With this statement, professionals in the sector reaffirm their commitment to a sustainable future rooted in the culinary traditions of the people, ensuring that rural gastronomy continues to be a fundamental pillar of cultural identity.
This document has been prepared during the third Rural Gastronomy Meeting in which more than 50 chefs coming from various Spanish regions, encompassing all the 17 autonomous communities. There has even been the presence of international rural chefs from Portugal., Italy and Colombia, whose representative Leonor Espinosa was also awarded the Terrae award during the congress for her commitment to the indigenous communities of her country and the preservation of their culture..
Meet the producer first hand
Beyond the presentation of the Agüimes Declaration, the last day of Terrae 2025 It was also a day in which artisanal and quality products were valued.. The morning started with a visit to one of the largest goat herds in Gran Canaria., It is about more than 1.500 native Canarian breed goats that they manage Jose Miguel Ortega and his wife Paqui Perez at the La Gloria farmhouse (Saint Augustine). This family tradition cheese factory produces between 2.000 y 2.200 liters of milk per day with which it produces 270 kilos of artisanal cheese daily. Ortega assures that there is no more secret to a good cheese than quality milk, and this is helped by the fact that “the cattle graze freely on the stony slopes of Amurga with an almost constant temperature softened by the proximity of the sea”.
And from inland to sea, since the expedition also ventured into the open sea to be able to see up close the work that the large Atlantic sea bass breeding company Aquanaria carries out in the sea bass farms it has installed off the Canary coast.. Arancha Pesteguía, marketing manager of Aquanaria, accompanied the congressmen on the journey aboard the Princesa Ico catamaran, providing various details about the breeding of this fish that “grows in nurseries two miles from the coast and with very low culture density, 98% water, 2% of fish; which allows the bass to have a lot of mobility”.
The taste of the product in practice
The sensory part of the visits that took place during the day on Tuesday of this third Terrae also had its translation at the table. After being able to taste several of the cheeses made in La Gloria, The guests of this edition enjoyed a lunch at sea offered by local chefs Nelson Pérez , from Nelson restaurant (Agüimes) y Marina Tudanca & Alejandro Sosa, in charge of the Maraca restaurant (The Palms). On deck, several dishes could be savored with sea bass as the protagonist., as is the case of the sea bass tiradito with jalapenos dressing and fried mini anchovies; the blanched sea bass and gofio broth, or the fresh jarea de lubina. There was no shortage of traditional stews either., like choco's old clothes.
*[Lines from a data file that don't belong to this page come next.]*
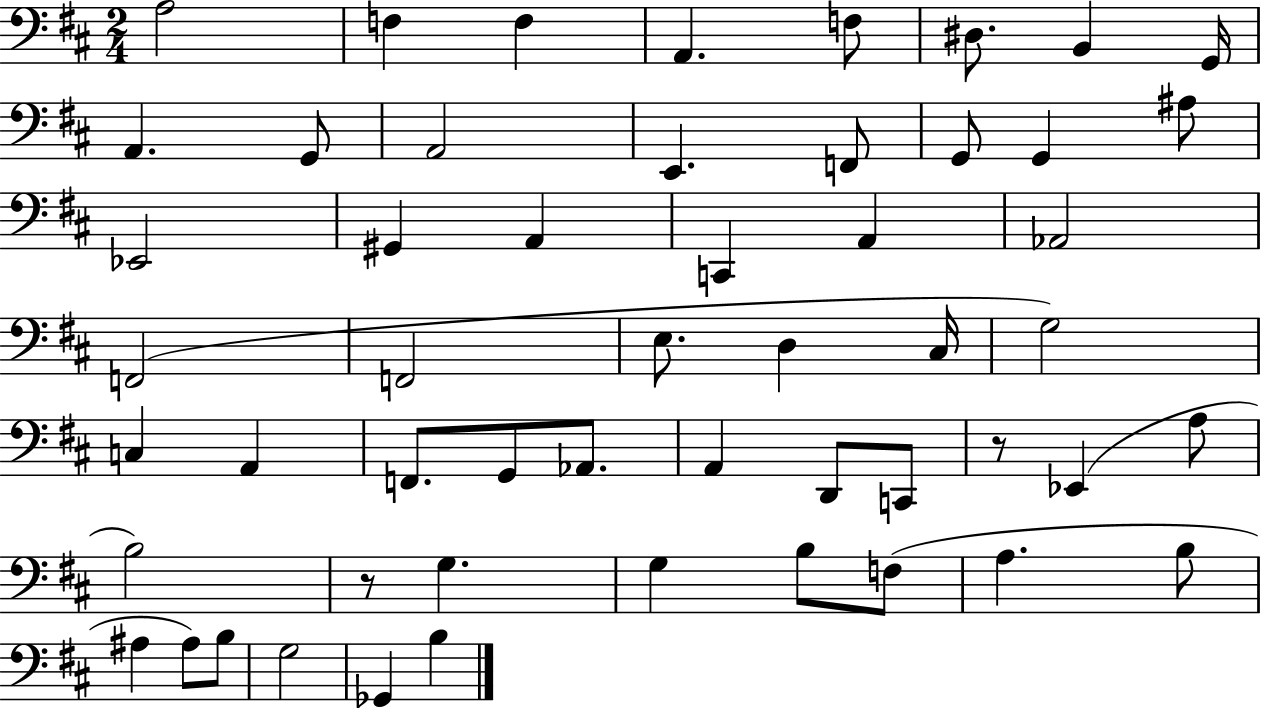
{
  \clef bass
  \numericTimeSignature
  \time 2/4
  \key d \major
  a2 | f4 f4 | a,4. f8 | dis8. b,4 g,16 | \break a,4. g,8 | a,2 | e,4. f,8 | g,8 g,4 ais8 | \break ees,2 | gis,4 a,4 | c,4 a,4 | aes,2 | \break f,2( | f,2 | e8. d4 cis16 | g2) | \break c4 a,4 | f,8. g,8 aes,8. | a,4 d,8 c,8 | r8 ees,4( a8 | \break b2) | r8 g4. | g4 b8 f8( | a4. b8 | \break ais4 ais8) b8 | g2 | ges,4 b4 | \bar "|."
}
The end of the gastronomic festival of the third edition of Terrae took place at the La Pasadilla grill (Wit), that for a day he soaked up the Leonese flavor when receiving Jose Gordon, from the temple of meat El Capricho (Jimenez de Jamuz). Gordon and Carmelo Gonzalez, La Pasaadilla chef, They offered a product festival in which they could taste the exclusive pieces of beef from the former's livestock in various preparations., like a roast beef of roasted picaña with pickled red cabbage, a hip steak tartare with brioche bread or an artisanal blood sausage from León that is 100% beef.